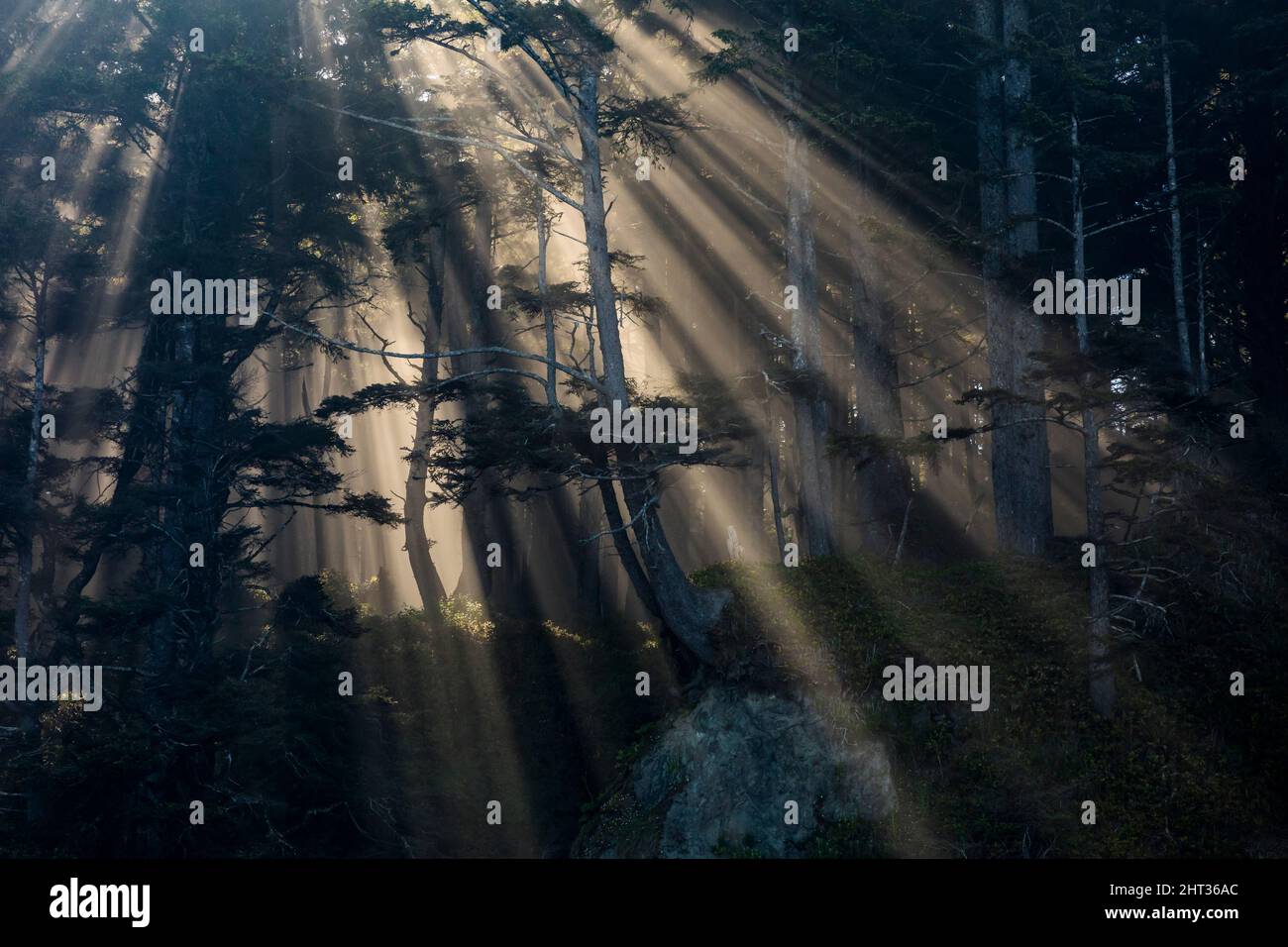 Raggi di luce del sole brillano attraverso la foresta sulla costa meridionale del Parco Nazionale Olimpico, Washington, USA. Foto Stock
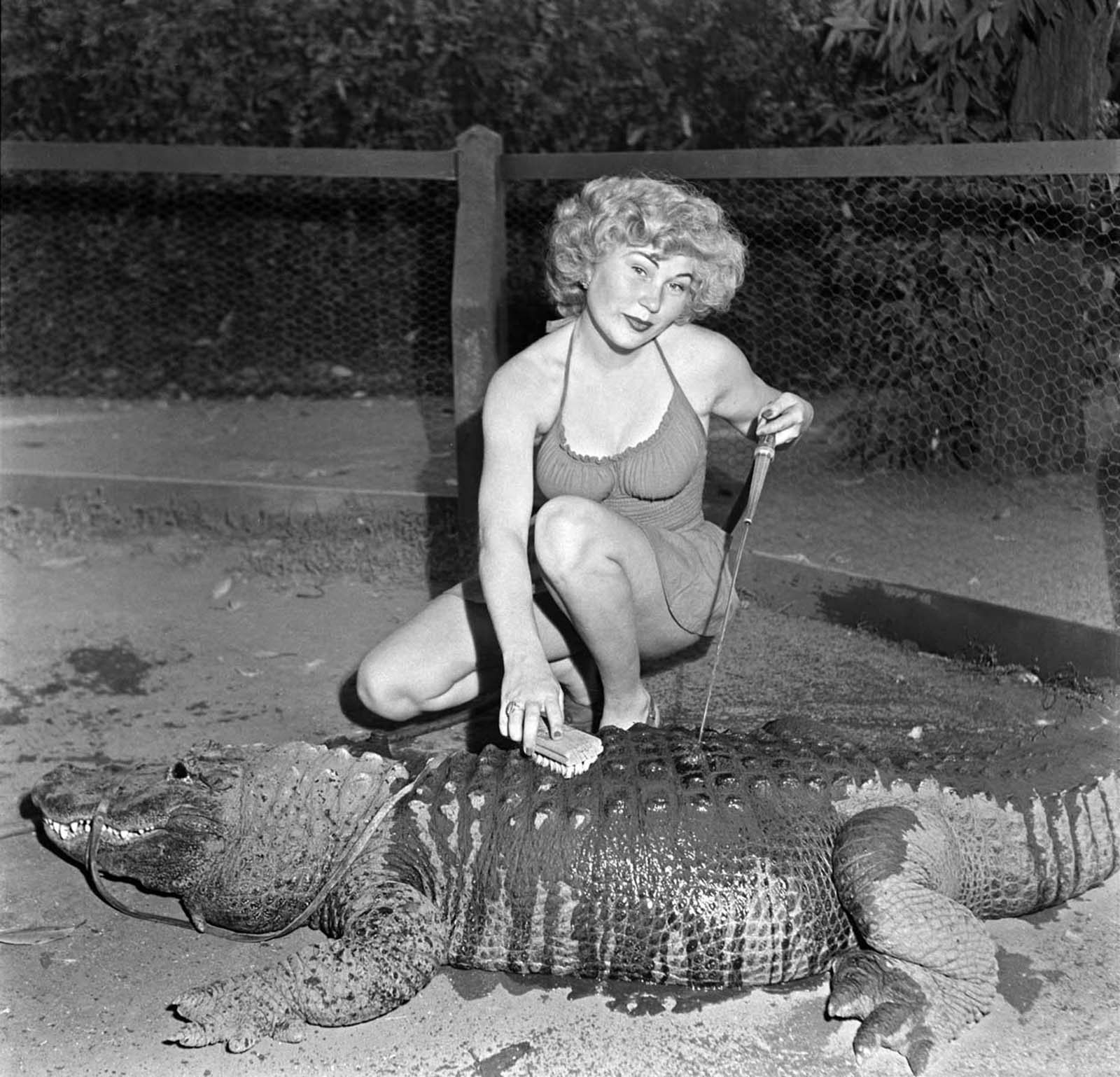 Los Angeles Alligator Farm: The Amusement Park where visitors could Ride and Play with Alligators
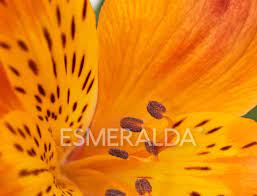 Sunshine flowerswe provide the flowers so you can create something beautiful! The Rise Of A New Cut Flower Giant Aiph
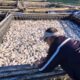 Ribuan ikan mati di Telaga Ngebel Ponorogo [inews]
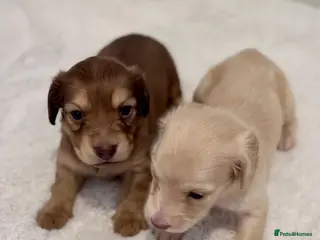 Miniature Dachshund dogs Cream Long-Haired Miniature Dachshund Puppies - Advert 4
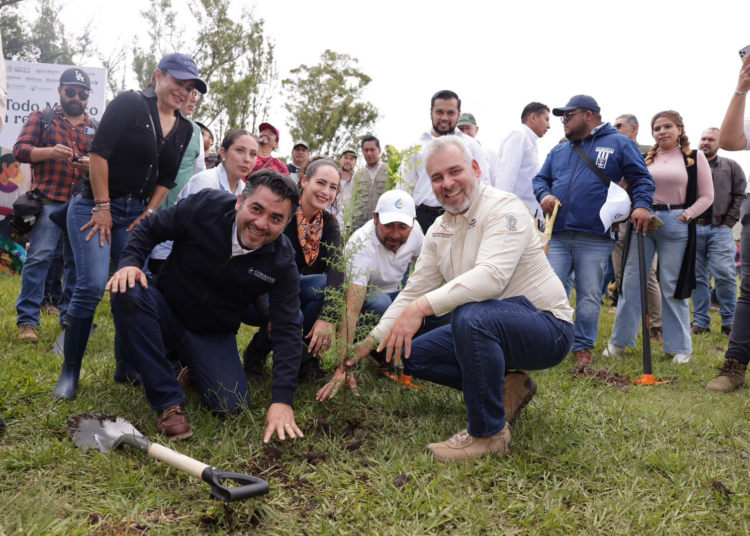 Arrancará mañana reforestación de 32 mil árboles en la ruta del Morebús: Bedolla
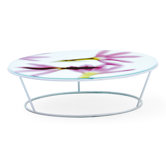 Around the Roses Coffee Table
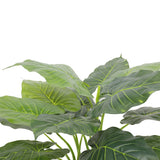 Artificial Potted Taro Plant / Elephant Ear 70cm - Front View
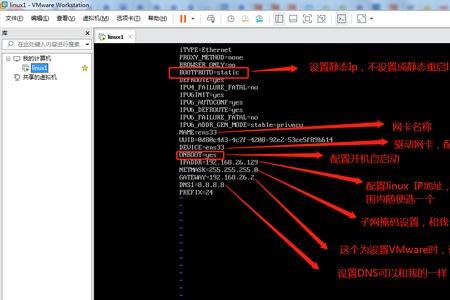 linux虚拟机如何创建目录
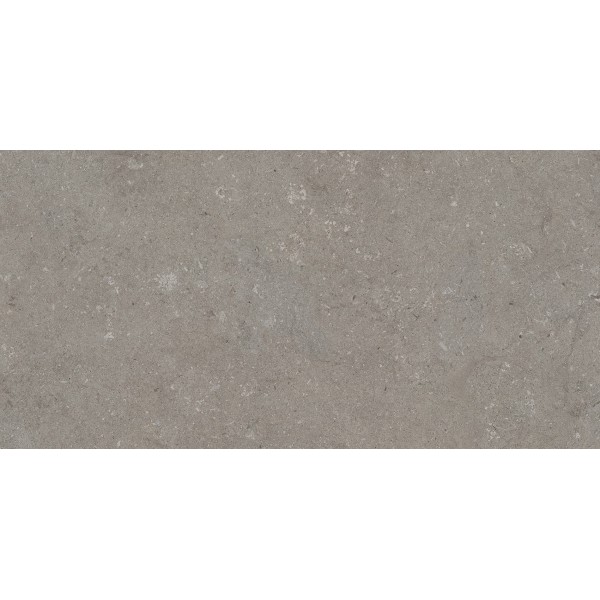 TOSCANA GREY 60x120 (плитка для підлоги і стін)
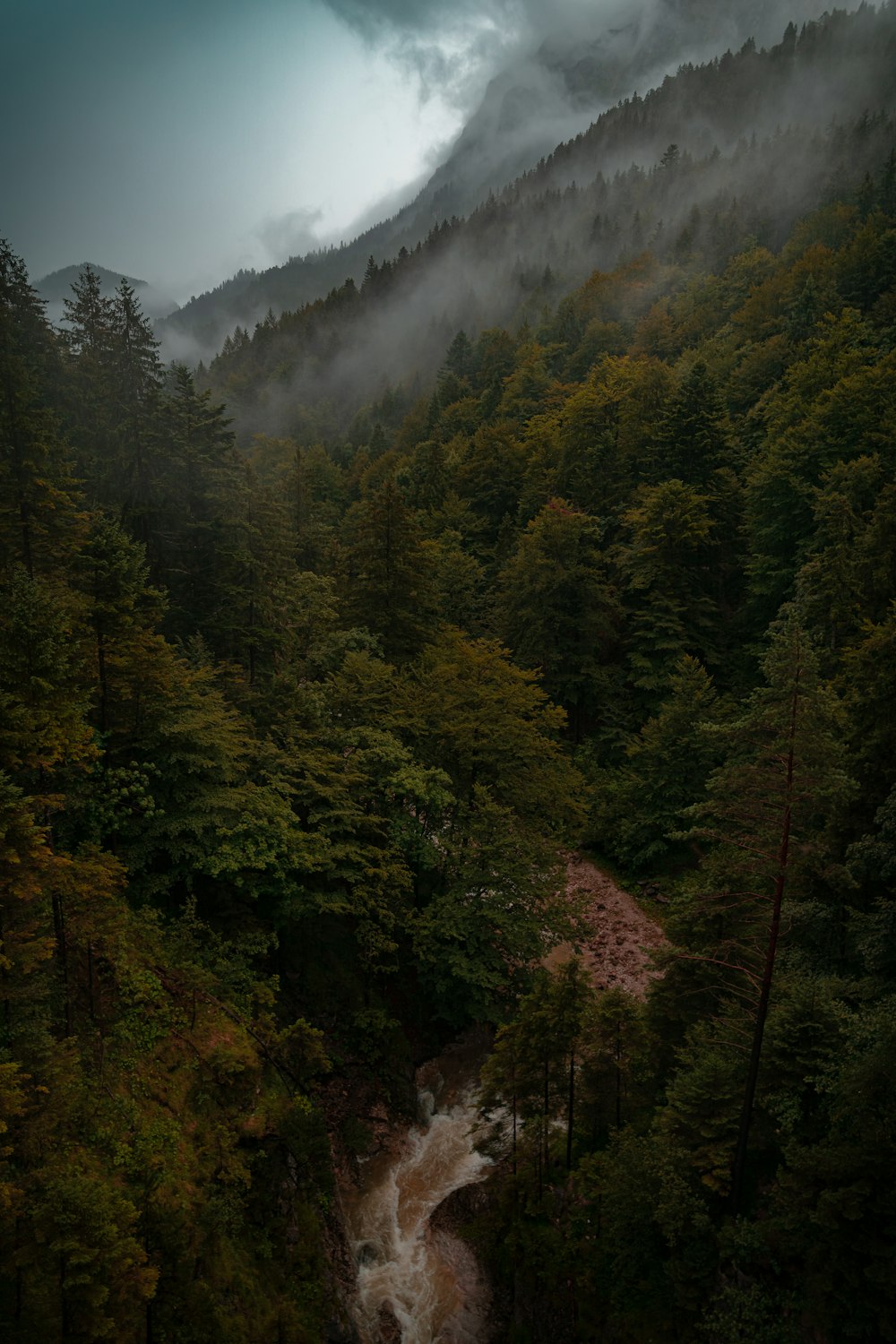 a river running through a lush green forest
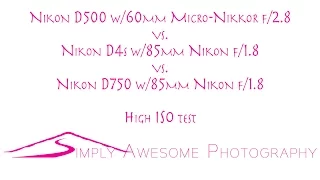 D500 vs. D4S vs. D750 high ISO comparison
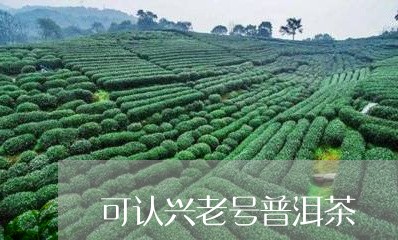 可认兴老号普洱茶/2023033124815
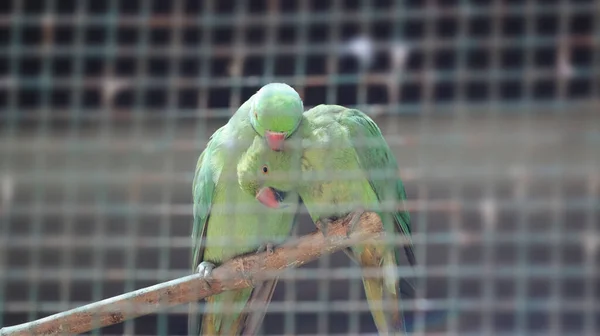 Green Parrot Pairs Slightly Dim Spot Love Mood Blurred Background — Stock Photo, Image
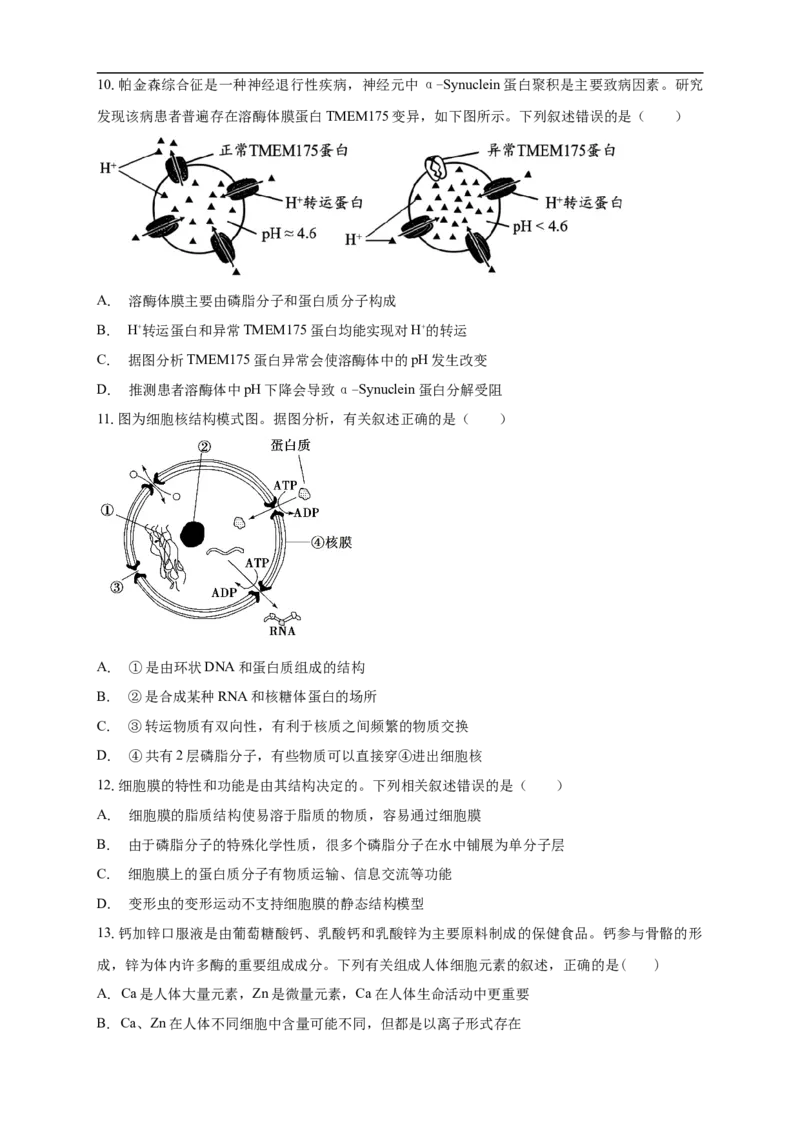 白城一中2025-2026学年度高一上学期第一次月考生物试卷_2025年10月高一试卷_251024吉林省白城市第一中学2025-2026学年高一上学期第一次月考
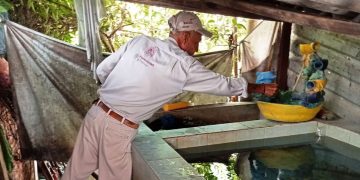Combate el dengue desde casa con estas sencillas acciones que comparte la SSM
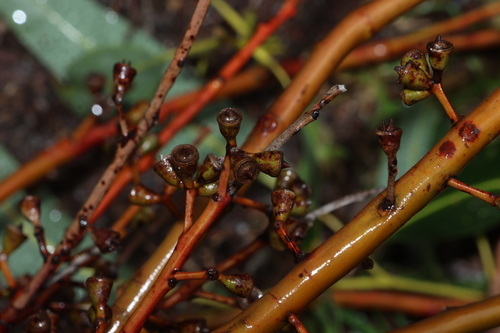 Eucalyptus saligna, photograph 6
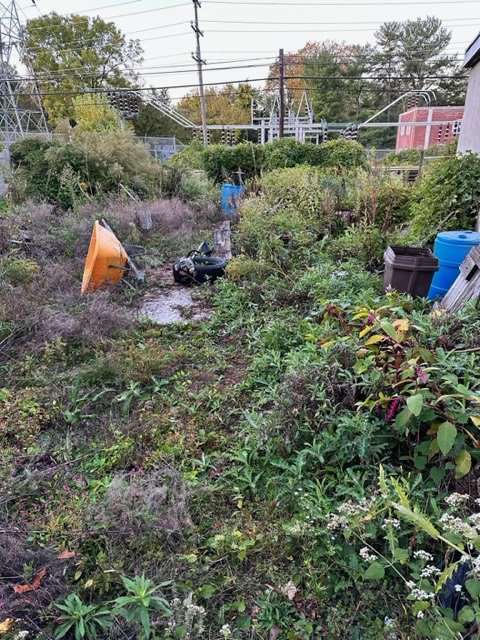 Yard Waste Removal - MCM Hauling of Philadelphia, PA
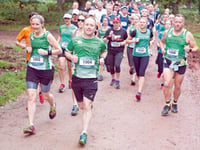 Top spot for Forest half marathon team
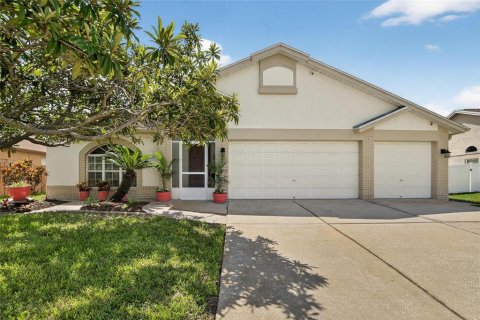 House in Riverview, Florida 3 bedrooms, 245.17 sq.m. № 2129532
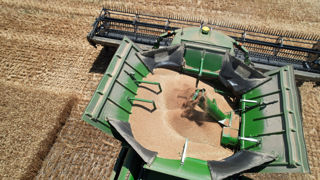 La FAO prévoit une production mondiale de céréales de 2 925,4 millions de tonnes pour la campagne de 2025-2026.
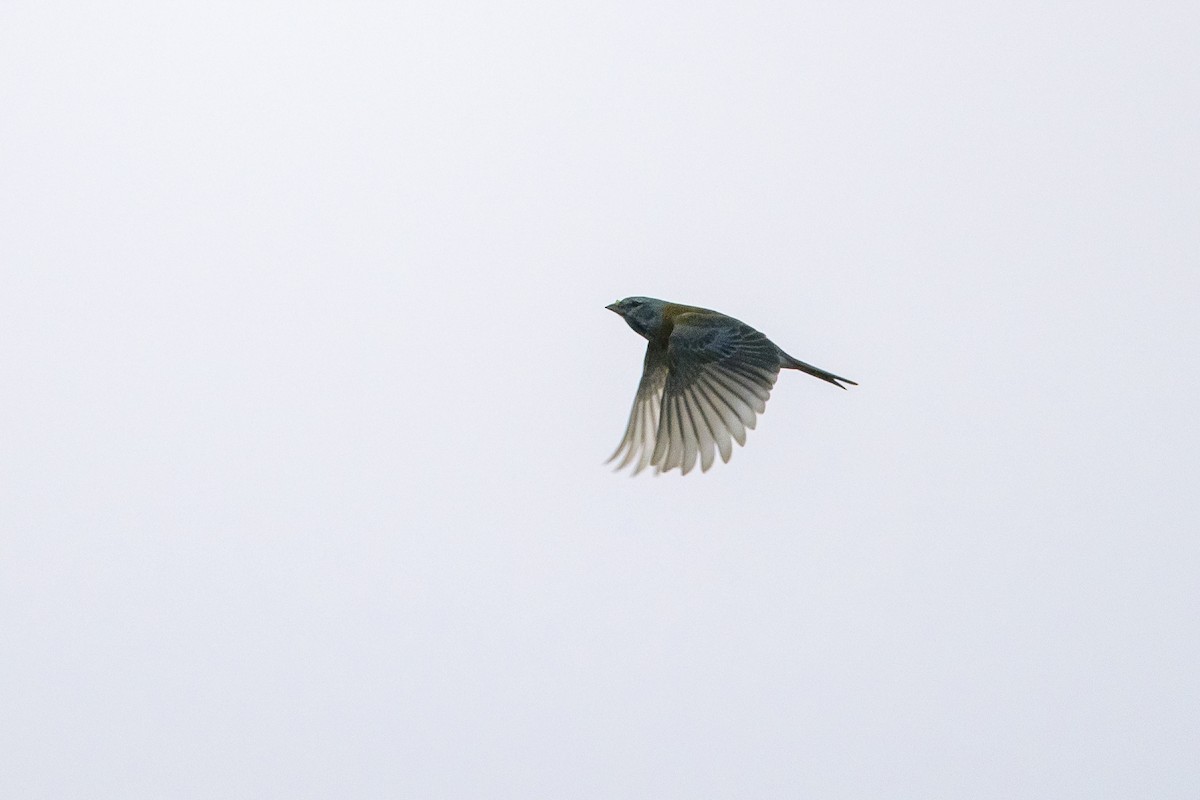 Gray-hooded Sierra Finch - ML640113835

--

Take only the lines above from the one that has "D500 vs. D4S vs. D750 high ISO comparison" through the one that has "House in Riverview, Florida" and reproduce them exactly, omitting any pictures.

 D500 vs. D4S vs. D750 high ISO comparison
 可认兴老号普洱茶/2023033124815
 Green Parrot Pairs Slightly Dim Spot Love Mood Blurred Background — Stock Photo, Image
 白城一中2025-2026学年度高一上学期第一次月考生物试卷_2025年10月高一试卷_251024吉林省白城市第一中学2025-2026学年高一上学期第一次月考
Combate el dengue desde casa con estas sencillas acciones que comparte la SSM
 Eucalyptus saligna, photograph 6
 Yard Waste Removal - MCM Hauling of Philadelphia, PA
 Top spot for Forest half marathon team
 House in Riverview, Florida 3 bedrooms, 245.17 sq.m. № 2129532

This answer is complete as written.